The European Union, GM crops and multi-level governance: discord, diversity and discontinuity.


Dr. David Barling,

Centre for Food Policy, Wolfson Institute for Health Sciences, Thames Valley University,

London, UK


Paper delivered to:

“Strengthening Canada’s Environmental Community through International Regime Reform: Twenty First Century Challenges”. First Annual Envireform Conference,

 Munk Centre for International Studies, University of Toronto, November 16-18, 2000.



Address for correspondence:

Dr. David Barling,

Centre for Food Policy,

Wolfson Institute for Health Sciences,

Thames Valley University,

32 –38 Uxbridge Road,


London W5 2BS






Copyright © David Barling 2000. Reproduced here with the author’s permission



The European Union, GM crops and multi-level governance: discord, diversity and discontinuity.


·       This presentation will review the EU’s main regulatory regimes for GM crops and foods. The recent and ongoing revisions to these regimes will be discussed. They will be placed within the context of the discord, public unease and the subsequent market-place reaction, to the large-scale entry of GM crops and derivatives into the European food chain.

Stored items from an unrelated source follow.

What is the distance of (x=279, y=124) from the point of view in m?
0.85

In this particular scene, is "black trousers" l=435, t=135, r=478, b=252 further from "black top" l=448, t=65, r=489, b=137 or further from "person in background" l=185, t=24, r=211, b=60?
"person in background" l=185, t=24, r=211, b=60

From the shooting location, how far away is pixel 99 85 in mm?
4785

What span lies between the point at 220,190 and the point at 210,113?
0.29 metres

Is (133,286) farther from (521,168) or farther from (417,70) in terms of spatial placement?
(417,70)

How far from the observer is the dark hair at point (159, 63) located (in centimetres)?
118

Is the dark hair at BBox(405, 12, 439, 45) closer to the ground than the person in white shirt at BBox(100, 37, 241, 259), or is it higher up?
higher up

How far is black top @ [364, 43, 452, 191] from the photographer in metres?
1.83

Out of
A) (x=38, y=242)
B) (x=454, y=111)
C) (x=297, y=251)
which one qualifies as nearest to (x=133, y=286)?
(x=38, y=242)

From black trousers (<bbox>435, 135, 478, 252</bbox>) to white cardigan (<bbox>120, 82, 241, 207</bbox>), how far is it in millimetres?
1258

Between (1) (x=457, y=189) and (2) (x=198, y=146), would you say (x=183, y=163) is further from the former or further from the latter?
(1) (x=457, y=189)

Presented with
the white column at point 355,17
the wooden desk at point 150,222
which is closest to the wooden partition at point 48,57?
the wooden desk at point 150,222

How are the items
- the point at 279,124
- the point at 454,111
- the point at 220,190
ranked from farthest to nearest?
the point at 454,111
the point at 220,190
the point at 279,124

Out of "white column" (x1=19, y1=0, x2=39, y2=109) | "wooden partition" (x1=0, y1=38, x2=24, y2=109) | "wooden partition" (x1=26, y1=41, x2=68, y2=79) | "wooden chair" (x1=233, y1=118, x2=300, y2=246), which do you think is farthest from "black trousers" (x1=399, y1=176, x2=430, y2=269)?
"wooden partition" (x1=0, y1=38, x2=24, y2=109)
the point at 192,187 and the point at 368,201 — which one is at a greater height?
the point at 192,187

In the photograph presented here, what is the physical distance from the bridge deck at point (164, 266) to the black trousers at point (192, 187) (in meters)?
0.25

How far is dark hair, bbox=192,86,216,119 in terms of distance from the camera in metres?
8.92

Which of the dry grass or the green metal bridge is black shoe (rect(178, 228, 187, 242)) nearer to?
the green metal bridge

·       Some of the key themes that have framed the evolution of EU policy-making on GM crops and foods will be suggested.

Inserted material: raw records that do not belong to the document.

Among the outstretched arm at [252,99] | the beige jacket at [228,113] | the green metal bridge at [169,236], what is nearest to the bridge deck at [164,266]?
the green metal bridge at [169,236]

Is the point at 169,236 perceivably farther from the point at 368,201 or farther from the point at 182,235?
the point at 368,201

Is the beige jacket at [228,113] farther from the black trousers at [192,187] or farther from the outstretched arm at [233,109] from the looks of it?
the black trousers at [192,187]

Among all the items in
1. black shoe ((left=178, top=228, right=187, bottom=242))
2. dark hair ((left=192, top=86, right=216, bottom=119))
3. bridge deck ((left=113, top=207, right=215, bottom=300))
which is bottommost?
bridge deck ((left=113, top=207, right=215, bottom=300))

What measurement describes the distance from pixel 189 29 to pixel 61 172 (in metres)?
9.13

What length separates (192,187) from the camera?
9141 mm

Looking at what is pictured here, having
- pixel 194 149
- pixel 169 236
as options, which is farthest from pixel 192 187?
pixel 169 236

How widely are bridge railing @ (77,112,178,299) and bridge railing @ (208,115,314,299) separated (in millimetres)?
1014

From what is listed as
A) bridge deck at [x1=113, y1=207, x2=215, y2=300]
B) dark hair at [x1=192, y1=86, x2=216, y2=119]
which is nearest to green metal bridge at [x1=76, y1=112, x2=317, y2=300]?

·       Finally, forthcoming regulatory developments in the EU will be discussed, and an attempt will be made to summarise the main trends that appear to be emerging from this period of regulatory revision. Some of the continuing uncertainty and discontinuity will also be considered.


Key regimes at present that govern GM crops and foods are:


·       220/90 deliberate release of GMOs into the environment (currently being revised)

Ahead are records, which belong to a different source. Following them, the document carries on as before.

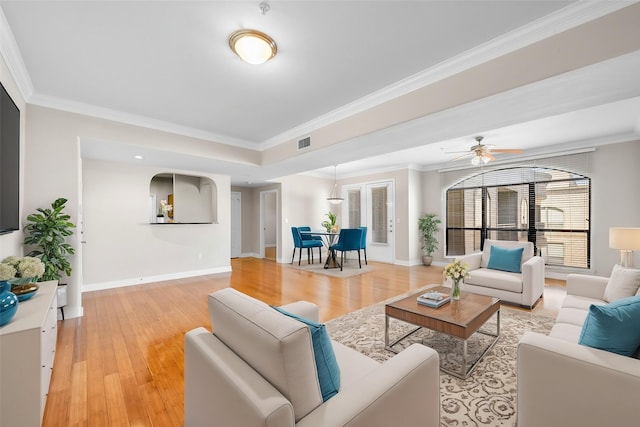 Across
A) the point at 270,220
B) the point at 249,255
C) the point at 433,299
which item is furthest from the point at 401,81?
the point at 270,220

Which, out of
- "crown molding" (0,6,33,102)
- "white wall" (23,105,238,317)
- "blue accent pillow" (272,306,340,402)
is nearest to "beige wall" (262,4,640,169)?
"blue accent pillow" (272,306,340,402)

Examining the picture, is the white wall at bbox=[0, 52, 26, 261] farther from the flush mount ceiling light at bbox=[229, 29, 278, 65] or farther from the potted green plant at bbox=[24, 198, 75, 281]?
the flush mount ceiling light at bbox=[229, 29, 278, 65]

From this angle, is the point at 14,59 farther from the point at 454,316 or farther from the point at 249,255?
the point at 249,255

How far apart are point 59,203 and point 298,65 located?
300cm

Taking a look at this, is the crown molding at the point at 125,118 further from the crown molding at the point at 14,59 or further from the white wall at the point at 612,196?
the white wall at the point at 612,196

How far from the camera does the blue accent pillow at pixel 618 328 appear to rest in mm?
1319

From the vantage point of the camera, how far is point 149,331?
2943mm

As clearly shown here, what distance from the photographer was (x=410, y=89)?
2748 mm

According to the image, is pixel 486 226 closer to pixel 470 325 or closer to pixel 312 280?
pixel 312 280

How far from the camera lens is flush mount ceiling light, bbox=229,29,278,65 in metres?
2.04

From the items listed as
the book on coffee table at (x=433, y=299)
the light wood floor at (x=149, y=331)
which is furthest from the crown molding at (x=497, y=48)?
the light wood floor at (x=149, y=331)

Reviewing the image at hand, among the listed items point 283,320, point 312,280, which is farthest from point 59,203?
point 312,280

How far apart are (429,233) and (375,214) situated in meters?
1.53

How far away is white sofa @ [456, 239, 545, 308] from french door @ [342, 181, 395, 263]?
3027 mm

·        Novel Foods 258/97 which covers GM food products and their labelling


·       Since the large-scale introduction of GM food and food ingredients (notably soybean and maize and their derivatives) from 1996, there has been incremental reform to the labelling regulations within the EU. Reform of the labelling provisions has involved reforms to both of these main regulations. Example of regulatory lag

90/220 deliberate release of GMOs into the environment

·       Under this regulation criteria for risk assessment were vague, and continually contested as new crops were put forward for commercial approval.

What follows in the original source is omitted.